One day, I recommended Perfect Skin to my then-still-in-medical-school friend. He later picked it up.

Three days later, he wrote to thank me. He said it had come along at a unique time for him, and touched him in ways he hadn’t expected, and he relayed that he often wrote notes after the end of a book. Just some notes on those few blank pages before the end to record the book itself and how it had made him feel, and what he’d thought of it.

That time, for that book, he wrote only one word:


It’s that sort of book. It’s subtle in ways one wouldn’t expect, and the issue of Jon’s single fatherhood and how he came to be a single father is sort of danced around in ways. For example, as it begins, he doesn’t acknowledge it. He just talks about his daughter, and baby things, and running things, and changes in his life, and early on he has a conversation with a female student he meets when he’s running, and you get the distinct impression that he’s keeping as much from you as he keeps from the student. Not that it’s on purpose. Not that he’s unreliable.

Just that he’s so wrapped up in his little world, in his existence, he just doesn’t really think about it in any other way.

I think one of the main reasons it works is that it’s so clearly not about relationships, though there is some dating. It’s about life, and expectations, and I think maybe it’s most about how actualizing himself is how Jon most becomes a father, but I think it captures something about masculinity there, too. I can’t speak for all guys, but there is something about masculinity that includes this idea that you’re not supposed to admit you don’t know or can’t do something because it’s not really manly to admit a limitation or weakness. Sometimes, however, it’s worth noting that fear about marriage or fatherhood comes not from a place of perceived commitment phobia but rather from a place of terror about not being good at it. I know a lot of guys who might have run screaming from the idea of fatherhood not because they didn’t want children but rather because they were terrified they might not be great fathers.

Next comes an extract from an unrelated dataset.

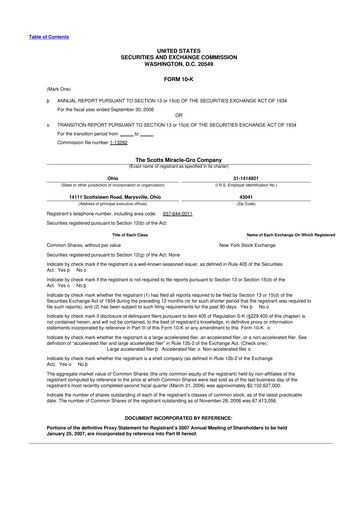 Miniature ScottsMiracle-Gro 10-K Rapport annuel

It’s a really great book, and on a scale of stickers to lasers, I give it a cancer-free.

And I’ve just realized I should probably point to these books’ pages, shouldn’t I? Here’s its Goodreads page. It doesn’t appear to be available for Kindle, sadly.


  1. I read this book in high school and loved it to pieces. During a kind of tough year in my life, I took to spending every lunch break in the school library, and in the course of that year I ended up reading every Douglas Adams, Neil Gaiman and Nick Earls book they had. This one always stuck in my mind as one of Mr. Earls’ best, but it would be very hard to choose.

  2. I know that feeling, although the authors available to me were Koontz and King (and Adams). I definitely agree with you that this was Earls’ best.